No worries Tom, Your steelhead life changes forever in just one week!


----------



## thephildo0916 (Mar 4, 2009)

nforkoutfitters said:


> No worries Tom, Your steelhead life changes forever in just one week!


Josh McQueen, placing flies directly on the nose of steel since 1965. Making steelhead goo-goo for glo bugs.


----------



## nforkoutfitters (Jan 25, 2010)

You basically take a fly the size of a husky tail and like a gate opens and closes, swing!


----------



## steelheader007 (Apr 8, 2004)

nforkoutfitters said:


> like a gate opens and closes I swing!


LOL.. "cant resist" well you swing you need to go to the interbelt not all of us need to know!...


----------



## thephildo0916 (Mar 4, 2009)

nforkoutfitters said:


> You basically take a fly the size of a husky tail and like a gate opens and closes, swing!


Husky tails are the only way to fish for steel, you know. Broheem


----------



## FISHIN216 (Mar 18, 2009)

Lmao.....that plays in my head all the time....."you are supposed to catch steelies on the swing you know" 

Outdoor Hub mobile, the outdoor information engine


----------



## nforkoutfitters (Jan 25, 2010)

steelheader007 said:


> LOL.. "cant resist" well you swing you need to go to the interbelt not all of us need to know!...


you caught me before my edit Gribble! LOL


----------



## steelheader007 (Apr 8, 2004)

nforkoutfitters said:


> you caught me before my edit Gribble! LOL


..I know it was priceless almost cat like reflexes..lol..


----------



## Fishman (Apr 5, 2004)

I cannot wait to get out with Josh next week, looking forward to finding out what the heck I'm doing wrong. I'm by no means an expert fisherman, but I like to think I have half a clue. When it comes to chrome..... I down right stink though!

In all honestly if Josh can teach me a few things and puts me on a fish I'll sincerely be surprised. My guess is I'll somehow curse him and he'll never catch another one again


----------



## Fishman (Apr 5, 2004)

thephildo0916 said:


> Husky tails are the only way to fish for steel, you know. Broheem


I recently saw a guy using a rooster tail under your stereotypical red/white bobber the size of a racketball. I havn't tried it yet. Is this the steelhead fishermans best kept secret? Should I delete this post? Please advise.


----------



## thephildo0916 (Mar 4, 2009)

Fishman said:


> I recently saw a guy using a rooster tail under your stereotypical red/white bobber the size of a racketball. I havn't tried it yet.
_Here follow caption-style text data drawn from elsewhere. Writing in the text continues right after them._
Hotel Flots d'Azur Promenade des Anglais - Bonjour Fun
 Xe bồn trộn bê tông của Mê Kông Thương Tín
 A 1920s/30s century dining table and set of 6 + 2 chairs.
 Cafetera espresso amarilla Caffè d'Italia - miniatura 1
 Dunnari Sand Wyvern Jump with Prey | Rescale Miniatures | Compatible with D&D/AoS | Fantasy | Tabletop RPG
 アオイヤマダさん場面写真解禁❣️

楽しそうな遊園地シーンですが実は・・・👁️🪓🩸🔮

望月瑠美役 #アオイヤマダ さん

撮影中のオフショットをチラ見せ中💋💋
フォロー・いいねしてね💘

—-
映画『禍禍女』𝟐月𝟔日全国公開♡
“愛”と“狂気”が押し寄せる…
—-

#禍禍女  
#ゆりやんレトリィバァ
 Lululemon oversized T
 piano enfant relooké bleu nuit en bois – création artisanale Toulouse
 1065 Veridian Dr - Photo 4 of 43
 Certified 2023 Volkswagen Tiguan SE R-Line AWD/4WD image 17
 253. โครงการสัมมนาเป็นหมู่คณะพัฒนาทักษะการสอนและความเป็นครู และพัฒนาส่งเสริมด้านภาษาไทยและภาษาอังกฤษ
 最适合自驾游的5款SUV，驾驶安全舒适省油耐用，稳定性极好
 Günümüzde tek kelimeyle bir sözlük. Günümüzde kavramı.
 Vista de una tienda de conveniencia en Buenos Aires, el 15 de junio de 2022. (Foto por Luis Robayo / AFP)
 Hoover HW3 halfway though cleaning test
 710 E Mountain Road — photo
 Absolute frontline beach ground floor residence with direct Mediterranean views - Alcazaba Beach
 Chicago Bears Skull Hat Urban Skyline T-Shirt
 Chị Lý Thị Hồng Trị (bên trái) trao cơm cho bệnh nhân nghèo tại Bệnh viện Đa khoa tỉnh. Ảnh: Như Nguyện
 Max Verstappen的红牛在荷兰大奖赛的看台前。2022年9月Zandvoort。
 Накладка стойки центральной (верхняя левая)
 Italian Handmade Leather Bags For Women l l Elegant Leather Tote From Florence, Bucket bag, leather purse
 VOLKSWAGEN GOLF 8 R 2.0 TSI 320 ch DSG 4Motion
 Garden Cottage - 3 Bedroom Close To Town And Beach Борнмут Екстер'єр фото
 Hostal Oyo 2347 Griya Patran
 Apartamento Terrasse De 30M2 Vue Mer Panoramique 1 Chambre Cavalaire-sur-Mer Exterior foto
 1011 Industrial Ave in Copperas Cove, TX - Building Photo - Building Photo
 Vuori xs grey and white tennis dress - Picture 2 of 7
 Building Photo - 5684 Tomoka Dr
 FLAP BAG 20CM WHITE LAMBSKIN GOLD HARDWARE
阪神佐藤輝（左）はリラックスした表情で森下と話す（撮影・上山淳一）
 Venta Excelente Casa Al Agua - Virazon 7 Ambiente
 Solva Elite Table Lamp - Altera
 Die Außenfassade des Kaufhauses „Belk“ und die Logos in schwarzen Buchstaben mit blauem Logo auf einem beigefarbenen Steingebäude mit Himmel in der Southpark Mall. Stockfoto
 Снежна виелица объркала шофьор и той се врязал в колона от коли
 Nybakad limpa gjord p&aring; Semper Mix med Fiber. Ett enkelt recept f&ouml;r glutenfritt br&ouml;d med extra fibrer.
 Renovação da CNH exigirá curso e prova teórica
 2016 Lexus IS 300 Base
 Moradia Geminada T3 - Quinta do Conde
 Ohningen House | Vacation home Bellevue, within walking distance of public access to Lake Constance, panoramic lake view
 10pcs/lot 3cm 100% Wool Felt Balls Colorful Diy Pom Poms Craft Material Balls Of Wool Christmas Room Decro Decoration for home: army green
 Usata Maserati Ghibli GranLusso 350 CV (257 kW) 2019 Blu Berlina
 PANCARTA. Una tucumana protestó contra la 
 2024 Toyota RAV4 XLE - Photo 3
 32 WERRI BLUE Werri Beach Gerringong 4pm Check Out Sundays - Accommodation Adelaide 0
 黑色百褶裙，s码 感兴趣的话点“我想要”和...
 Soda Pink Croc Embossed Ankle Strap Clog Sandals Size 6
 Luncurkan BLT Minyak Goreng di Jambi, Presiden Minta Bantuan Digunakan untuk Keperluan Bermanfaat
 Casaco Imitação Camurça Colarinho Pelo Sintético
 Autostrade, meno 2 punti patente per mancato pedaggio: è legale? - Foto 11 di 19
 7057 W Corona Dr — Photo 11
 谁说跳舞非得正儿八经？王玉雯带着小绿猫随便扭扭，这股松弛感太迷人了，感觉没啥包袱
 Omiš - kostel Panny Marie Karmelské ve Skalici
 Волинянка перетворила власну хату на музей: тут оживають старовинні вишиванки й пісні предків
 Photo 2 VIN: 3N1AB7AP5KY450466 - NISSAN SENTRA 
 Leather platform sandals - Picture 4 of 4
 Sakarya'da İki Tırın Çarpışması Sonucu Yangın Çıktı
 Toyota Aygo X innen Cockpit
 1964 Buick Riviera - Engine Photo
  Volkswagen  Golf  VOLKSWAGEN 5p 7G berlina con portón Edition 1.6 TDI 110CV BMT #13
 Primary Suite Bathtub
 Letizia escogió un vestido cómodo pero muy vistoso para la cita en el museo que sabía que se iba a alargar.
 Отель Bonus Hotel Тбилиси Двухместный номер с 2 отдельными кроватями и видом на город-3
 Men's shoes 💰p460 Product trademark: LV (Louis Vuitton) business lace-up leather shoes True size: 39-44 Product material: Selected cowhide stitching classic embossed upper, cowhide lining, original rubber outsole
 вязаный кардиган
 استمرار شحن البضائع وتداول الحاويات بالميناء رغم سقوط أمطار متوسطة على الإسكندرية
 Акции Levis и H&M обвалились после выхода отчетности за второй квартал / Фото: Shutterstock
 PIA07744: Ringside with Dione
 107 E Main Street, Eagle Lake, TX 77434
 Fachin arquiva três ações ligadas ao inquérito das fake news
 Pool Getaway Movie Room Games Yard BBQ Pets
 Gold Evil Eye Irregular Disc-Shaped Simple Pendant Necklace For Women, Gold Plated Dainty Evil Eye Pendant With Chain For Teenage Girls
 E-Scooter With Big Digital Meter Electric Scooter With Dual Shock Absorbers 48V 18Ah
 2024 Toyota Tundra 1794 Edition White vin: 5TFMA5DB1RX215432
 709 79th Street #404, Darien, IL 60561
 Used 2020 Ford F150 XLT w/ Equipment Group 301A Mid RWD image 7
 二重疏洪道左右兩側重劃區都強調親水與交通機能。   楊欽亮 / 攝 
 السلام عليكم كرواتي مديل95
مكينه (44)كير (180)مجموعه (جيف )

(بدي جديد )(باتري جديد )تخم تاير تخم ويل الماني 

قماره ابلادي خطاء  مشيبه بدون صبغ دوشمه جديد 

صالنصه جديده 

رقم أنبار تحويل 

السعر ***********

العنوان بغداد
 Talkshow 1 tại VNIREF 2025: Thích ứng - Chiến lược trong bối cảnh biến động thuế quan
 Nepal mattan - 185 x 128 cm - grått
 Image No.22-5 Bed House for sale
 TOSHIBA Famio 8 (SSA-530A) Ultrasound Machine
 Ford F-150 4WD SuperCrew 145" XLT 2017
Is this the steelhead fishermans best kept secret? Should I delete this post? Please advise.



He is referring to my husky's(dog) tail haha


----------



## FISHIN216 (Mar 18, 2009)

Fishman.....watch "I'm quitting steelhead" on youtube lol

Outdoor Hub mobile, the outdoor information engine


----------



## Fishman (Apr 5, 2004)

I think I 'm going to check it out, after all this is all I caught today on an eastside unmentionable.












Took a chartruese spawn sac in a few feet of water, great fight despite minimal flow. If anyone has any construction projects in their immediate future the rivers appear to be full premium plywood peices.


----------